Le football est un art, il est en train de devenir une industrie dédiée à son extinction. De sport universel destiné à divertir les classes populaires, il se métamorphose chaque jour un peu plus en une parade publicitaire visant à engrosser les sponsors et à enrichir des fédérations transformées en caisses enregistreuses, le tout sous le haut patronage de la FIFA, une sorte de machine diabolique devenue l'égale d'un État.

Il m'étonnerait que je perde mon temps à regarder un seul match. À quoi bon? J'aurais l'impression d'assister à une séance de vivisection en direct, à un détricotage méthodique de l'essence même du foot. Le football est devenu désormais l'otage de la publicité, il n'est plus là pour enchanter les foules mais pour la servir. Quand on sait en plus que le prix des billets est si élevé que seuls les plus fortunés pourront assister aux rencontres, on est pris d'une envie de vomir devant tout cet étalage de richesse.

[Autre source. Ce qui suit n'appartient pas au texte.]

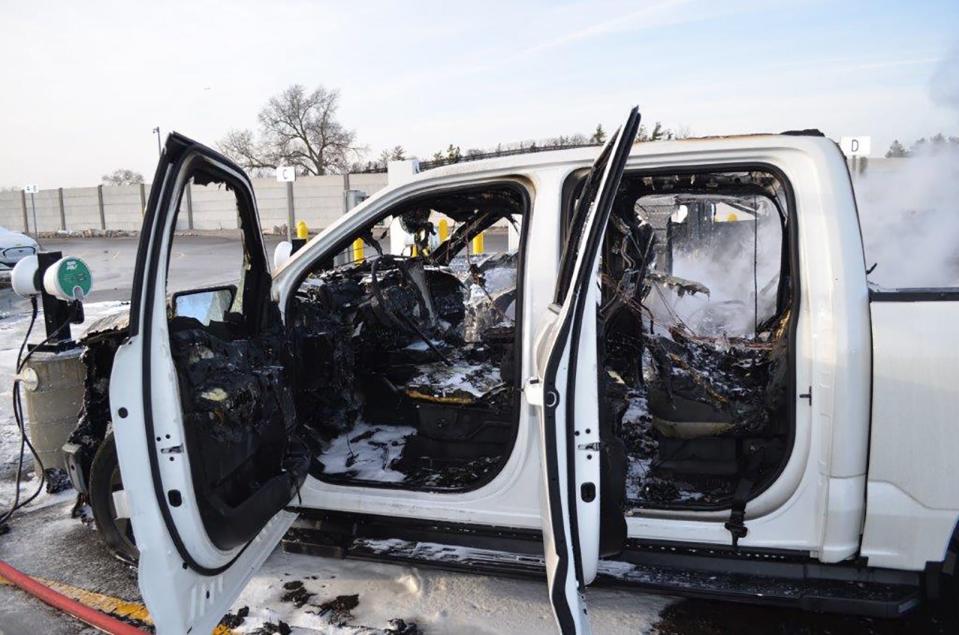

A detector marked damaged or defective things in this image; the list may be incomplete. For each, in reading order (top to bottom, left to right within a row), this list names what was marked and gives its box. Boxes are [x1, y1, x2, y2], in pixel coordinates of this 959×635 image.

burned truck interior [288, 184, 528, 492]
burned truck interior [596, 168, 800, 512]
fire damage residue [600, 171, 796, 510]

Pourtant, je ne doute pas de son succès. Les stades seront beaux, les équipes prêtes, les audiences au rendez-vous. À une époque où les individus se retrouvent à crever de solitude, le sport, et en premier lieu le football, devient l'occasion unique de partager ensemble, sinon une passion, du moins un intérêt commun, ce patriotisme plus ou moins bon enfant qui a toujours été l'apanage des grandes compétitions sportives.

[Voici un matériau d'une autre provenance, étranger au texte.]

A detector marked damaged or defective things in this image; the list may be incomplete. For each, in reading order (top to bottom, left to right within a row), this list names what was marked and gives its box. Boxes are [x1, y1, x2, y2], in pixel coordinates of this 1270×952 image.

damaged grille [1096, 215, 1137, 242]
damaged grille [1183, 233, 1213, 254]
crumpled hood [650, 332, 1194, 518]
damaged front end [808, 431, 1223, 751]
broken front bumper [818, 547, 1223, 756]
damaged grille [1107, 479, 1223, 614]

Durant des semaines et des semaines, il faudra vivre avec. Encore plus en France, où l'équipe nationale a de bonnes chances de s'illustrer. Alors les drapeaux aux fenêtres, les joueurs à la une des journaux, les «oh» et les «ah» des commentateurs, les terrasses des cafés bondées les soirs de match, les débordements inévitables, les séances d'euphorie collective, l'honneur retrouvé, le nationalisme à petite dose puisque, le temps d'une Coupe du monde, on goûtera à l'ivresse de la puissance, cet élixir plus fort que toutes les mélancolies contemporaines.

Ce sera sans moi. Mais bons matchs quand même!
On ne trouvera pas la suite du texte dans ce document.